I figure you already know how to speak and read Norwegian, so I'd recommend you read more about (or talk to someone) about waiting for your residency permit. The police might have your passport, but I'd be willing to wager that you can certainly leave the country while the application is being processed, common human rights and all... unless you are stateless, a refugee, or on asylum.


----------



## Wiltshireman

Step families and blended families can be a minefield even if everybody involved is behaving reasonably. With a family that is split across different countries and speaking different languages the obstacles must be bigger. 

With the needs and feelings of so many people often at odds with each other the potential for conflict is obvious for all to see.

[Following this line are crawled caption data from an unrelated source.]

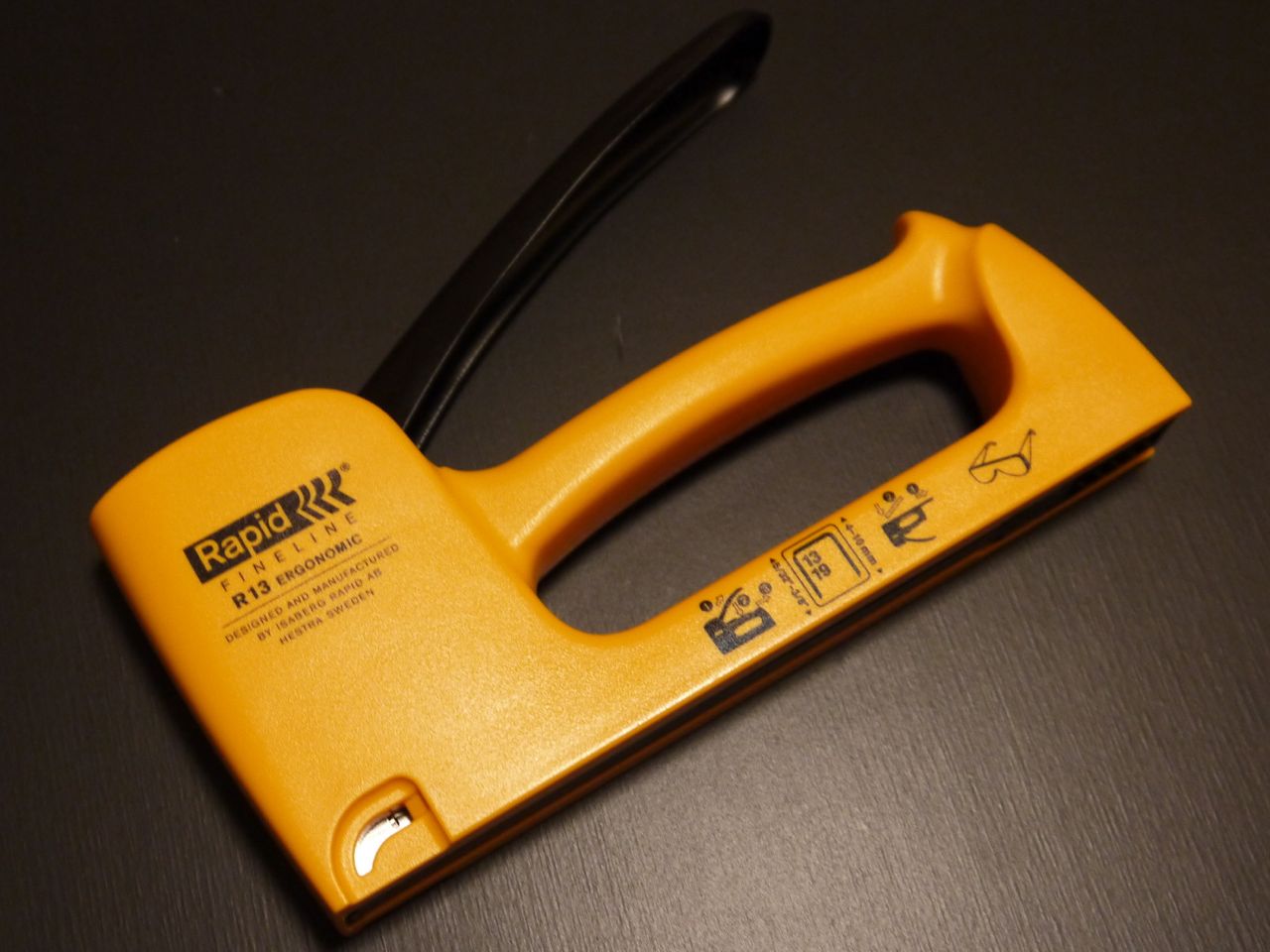 RAPID ガンタッカー R13E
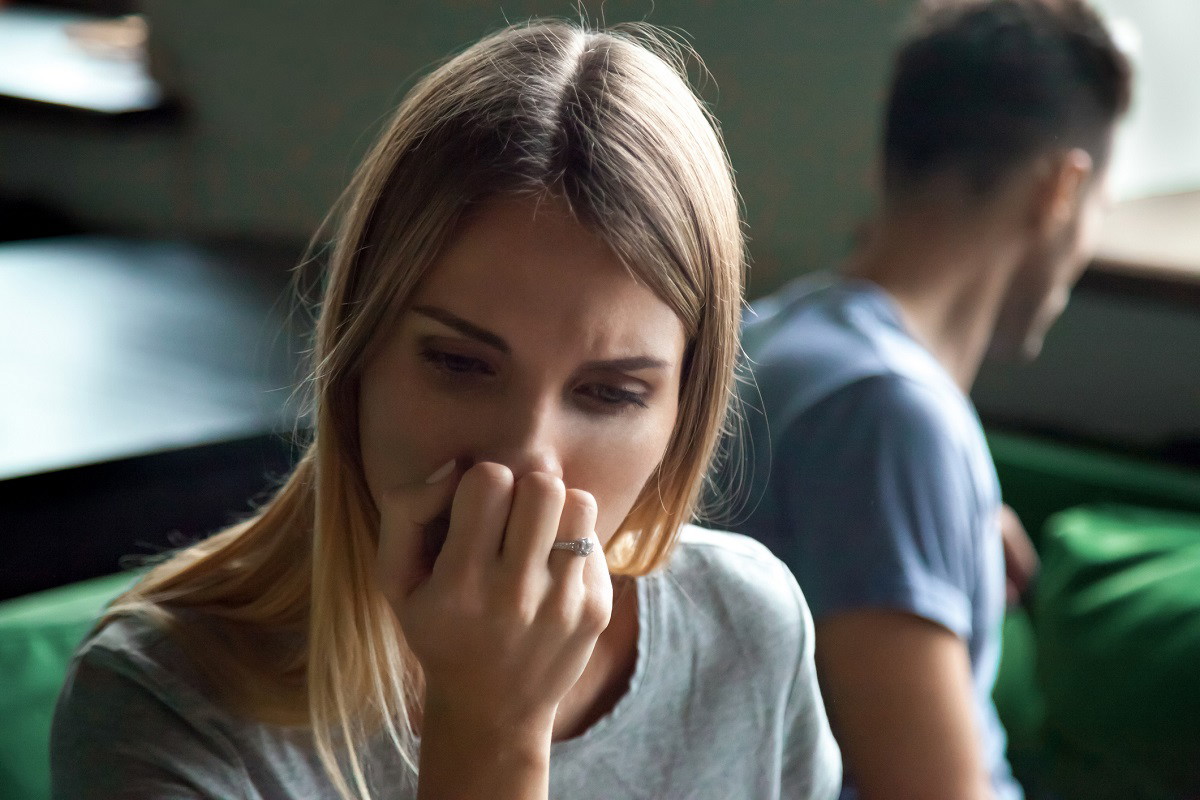 Było, ale nie minęło? Zazdrość retroaktywna może zniszczyć najlepsze związki / Getty Images, fizkes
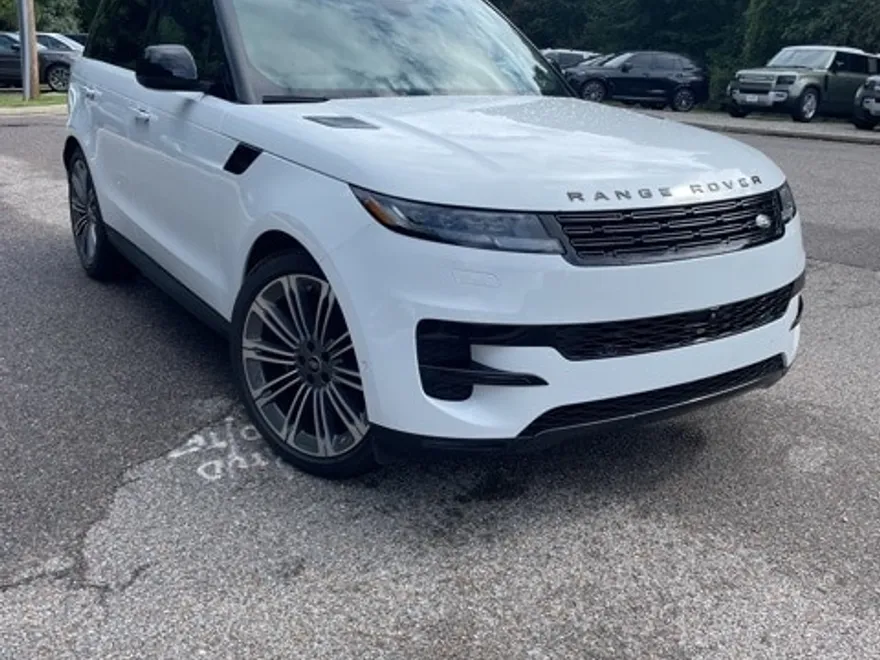 2024 Land Rover Range Rover Sport SE photo 1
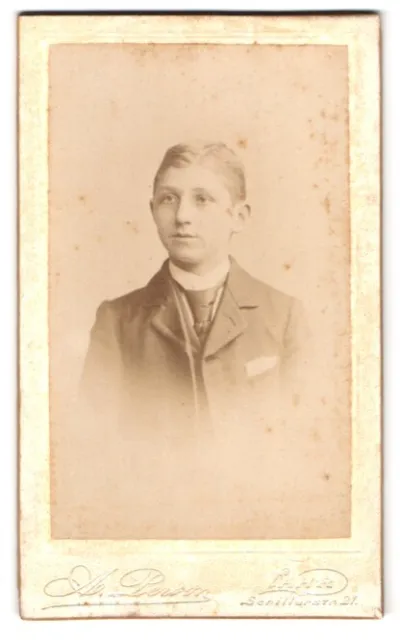 Fotografie A. Person, Lahr, Schillerstr. 21, Junger Knabe im Anzug mit gestylte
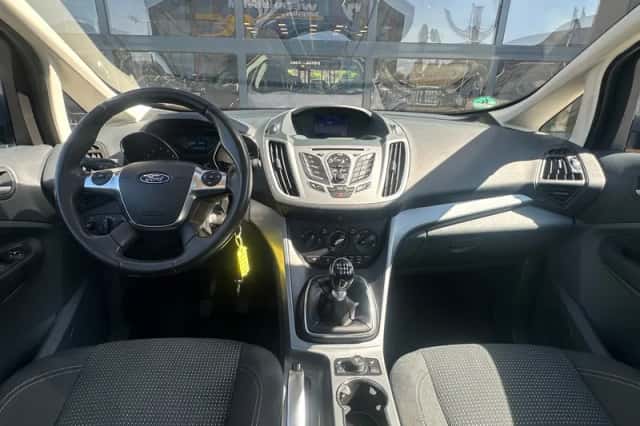 Ford C-Max (2013) thumbnail 3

In this situation the OP's inability to travel does complicate the situation even more but even if she could go how would she feel as the only new comer in the group and isolated by the inability to speak the local language (more of a problem if you are staying with locals than if you are just a holiday maker).

Given that the OP's husband will only be joining the rest of the family for a few days I do not see that this needs to be an issue (unless there is reason not to trust him).

Going forward I would advice the OP to encourage her husband to have his child come and visit / stay with you (even if you have to pay for the mother to come as well given that the child is too young to travel alone) or once the OP's documentation allowing her to travel is sorted it might be easier for them to go to England and visit them.

To make this relationship work will take honesty, understanding and a willingness to compromise from ALL involved.


----------



## happy as a clam

Wow.... Just wow is all I can say.

I can't even believe your husband would want to do this. But then after reading your other thread, I guess I CAN believe it.
_Posted via Mobile Device_


----------



## turnera

Ok, so you married too soon, you don't really know each other, he wanted someone 'fun' and he (IMO) ditches or ignores or fights with women when they stop being fun (by having a kid or by nagging) - all pretty typical for a 25 year old male.

I see two things to address. First, if you want this marriage to work you NEED to start understanding how to make marriages work. Get His Needs Her Needs and start reading it asap. Second, you need to stop being so needy. It's not attractive; it's not the end of the world if you two end up divorced. I don't want that to happen, but you need to act from a place of being ok if it does happen. Why? Because then you will be able to make your decisions based on what's right and wrong, not on what keeps control over your husband. 

To that end, I would say that first, work on improving your marriage. Make it a great place for him to be, so he WANTS to make you happy. Doesn't mean kissing his ass; just knowing what makes him happy and doing it and knowing what makes him UNhappy and avoiding that. Second, respect yourself more; if him going on that trip makes you uneasy, it makes you uneasy (with good reason, IMO), and you should SAY SO and say that you will consider it a strike against your marriage if he chooses to go. Let him deal with what he's willing to give up - the trip or you. 

But recognize that this goes hand in hand with you making the marriage better. At the state you're in, with arguing all the time and all, he'll probably choose the trip.


----------



## JEMS_01234

I think he should wait until you can go with him. 

It doesn't sound like he puts his child first, since he got married and his son has never met you. Perhaps he uses that as an excuse to get whatever it is he really wants, or because it sounds like the 'nice' or 'right' thing to say.

You are a married couple. You go together or stay together.


----------